The city then explains how it got to this point where we need to cut.
Next they talk about what the city is doing to balance the budget. “The City created a budget plan based on input from a citizen focus group and various community organizations. The plan includes reduction steps, a proposed sales tax measure (Measure O) and increased economic development strategies compatible with Davis values. City Council is also considering a proposed parcel tax for the November ballot.”
Here they told the residents what the city is proposing. That proposal includes Measure O. Nowhere do they tell the voters they should or they have to vote for Measure O.
Finally, the city provides the language of Measure O and presents the facts for what Measure O will do.
The city writes, “Proposed Measure O will add funds for community services.”

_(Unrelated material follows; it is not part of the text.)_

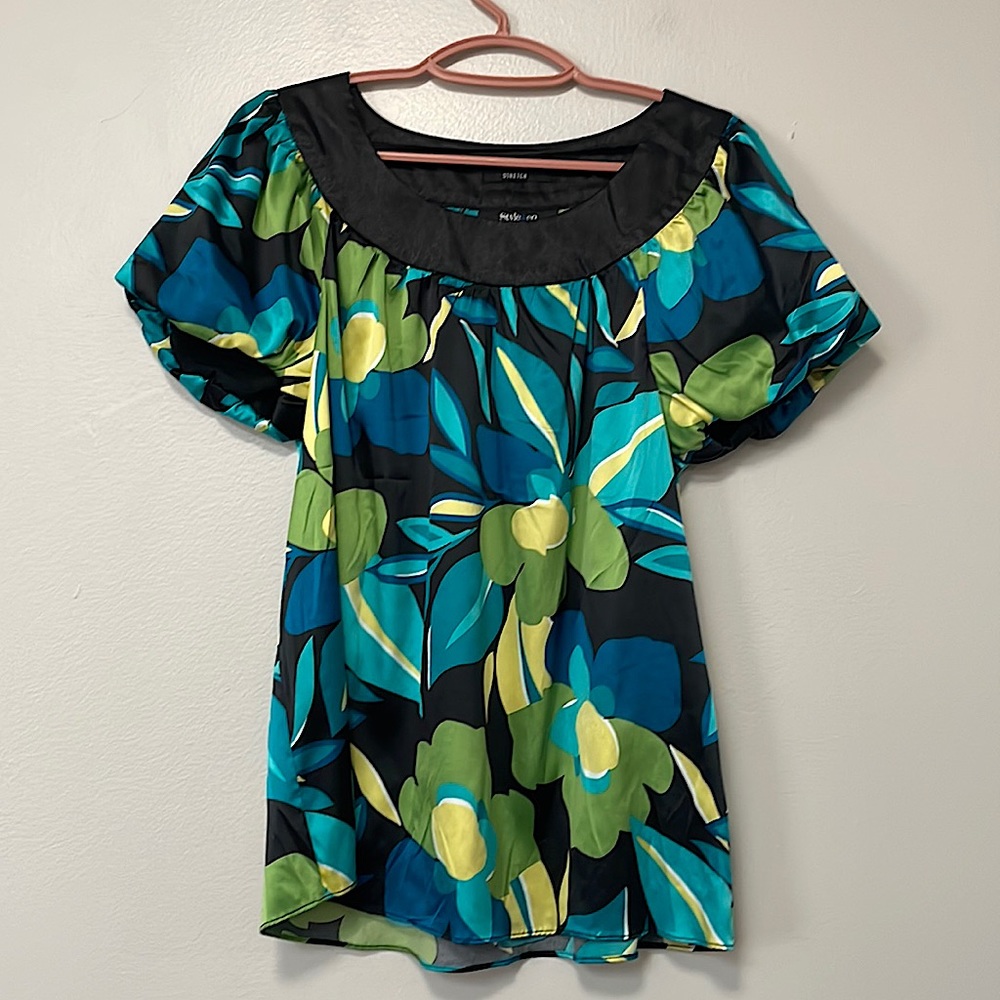 Pretty floral blouse. Bright colors. Silky feel. Size 6 petite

They write: “This June, the ballot will include a proposed sales tax measure called Measure O. The proposed measure will ask voters to extend Davis’s existing half-cent sales tax and approve an additional half-cent increase through 2020.

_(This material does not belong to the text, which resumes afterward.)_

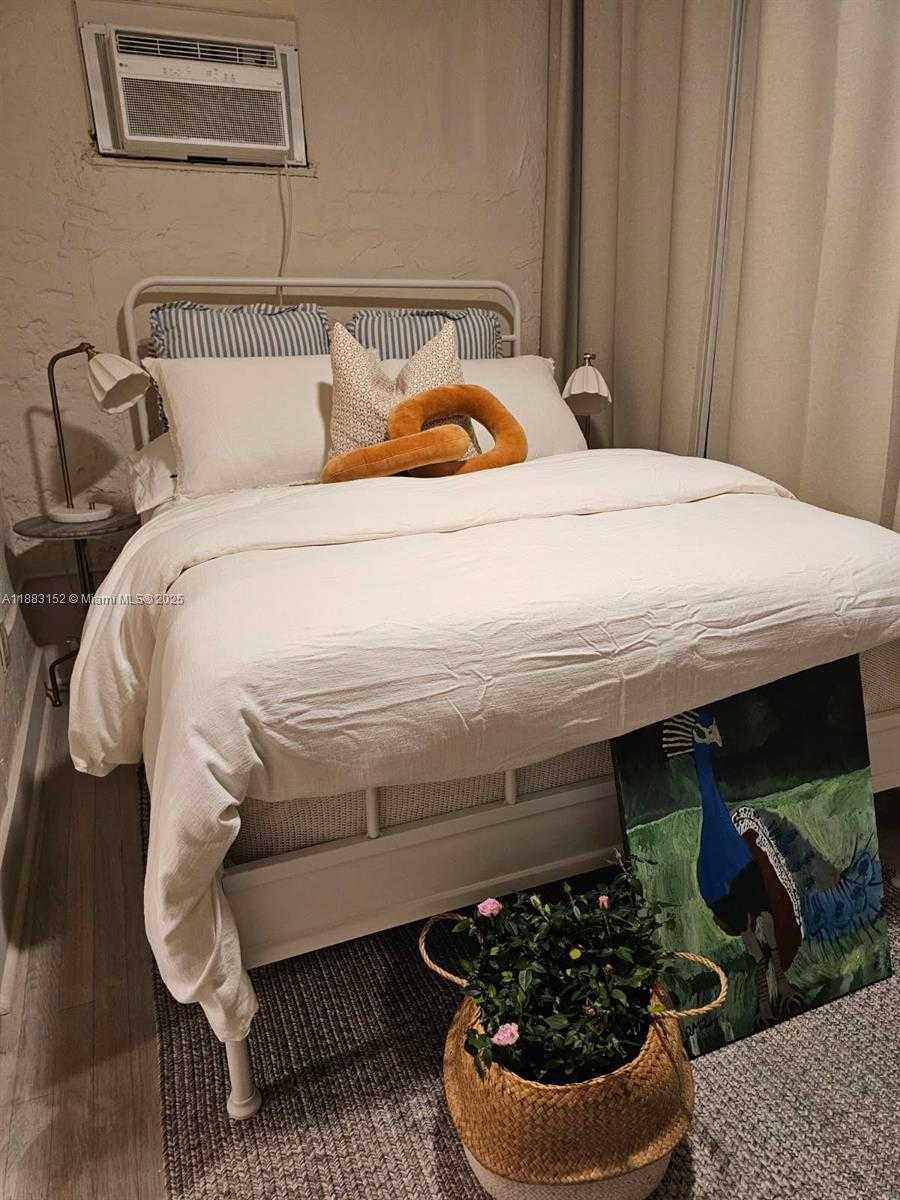 Small Image of 131 ZAMORA AVE #2, Coral Gables Number 6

“Projections show the proposed half-cent sales tax will bring in an additional $3.7 million annually. The City will use the additional revenue to fund services like parks, landscaping and street maintenance. If voters reject Measure O, the City Council will need to make cuts to address the shortfall.
“Of the current 8 percent sales tax, the City receives 1.5 percent of the tax with the state and county receiving the remaining 6.5 percent. If Measure O is approved, the Davis sales tax will be 8.5 percent with 2 percent going to the City.”

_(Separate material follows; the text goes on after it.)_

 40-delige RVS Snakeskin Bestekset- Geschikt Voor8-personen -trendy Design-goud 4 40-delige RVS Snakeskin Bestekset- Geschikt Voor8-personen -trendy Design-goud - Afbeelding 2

Nowhere here does the city say vote for Measure O, all they do is explain the shortfall, explain what Measure O does, and explain what will happen if it does not pass. This is almost by the books.
Bottom line is that the city has the right to do that, and anyone who attempts to challenge them will be smacked down by a court of law.
The concerning thing here is that basically Mr. Dunning is arguing that any attempt to inform the public at this stage of the process is suspect. Again, as he argues, “For my money, given that we’re within two months of an election, any mailing from the city detailing what will or won’t happen if Measure O does or doesn’t pass is highly suspect.”
That’s certainly not the legal standard. The city has not only the right to educate the public, but the obligation.
For my money, Mr. Dunning has every right to complain about the city using its resources to educate the public on the fiscal crisis because he has done such yeoman work in doing it himself. After all, he has presented us column after column highlighting the dangers of runaway labor costs, the influence of the firefighters’ union, and long term costs implications of unfunded liabilities for pensions and retiree health.
Oh wait, that was Rich Rifkin. I do not actually recall Bob Dunning writing anything on these problems. A google search for Bob Dunning and unfunded liabilities turned up nothing that he had written on the matter. I couldn’t find him laying out the dangers of deferred maintenance, calling out previous councils for their bait and switch balanced budgets.
It seems that The Wary I has been just as asleep at the switch as the citizens of Davis as to our fiscal crisis. And after completely failing the public on this issue, he is now attacking the city for belatedly attempting to educate the citizens in areas where he has completely failed.
Without the work of Rich Rifkin, the Enterprise’s readership might be completely unaware of this problem. How Mr. Dunning could simply ignore a crisis of this magnitude is frankly mindboggling.
How Mr. Dunning can bring up PG&E and the $1 million for the POU when we are facing tens of millions in unfunded liabilities for pensions and health care, and into the $100 millions for roads, parks, and other infrastructures. Again, none of these have been covered by Mr. Dunning over the years.
At some point one must ask, why is that? And why does he protest this after missing so much bigger problems in the city over the years?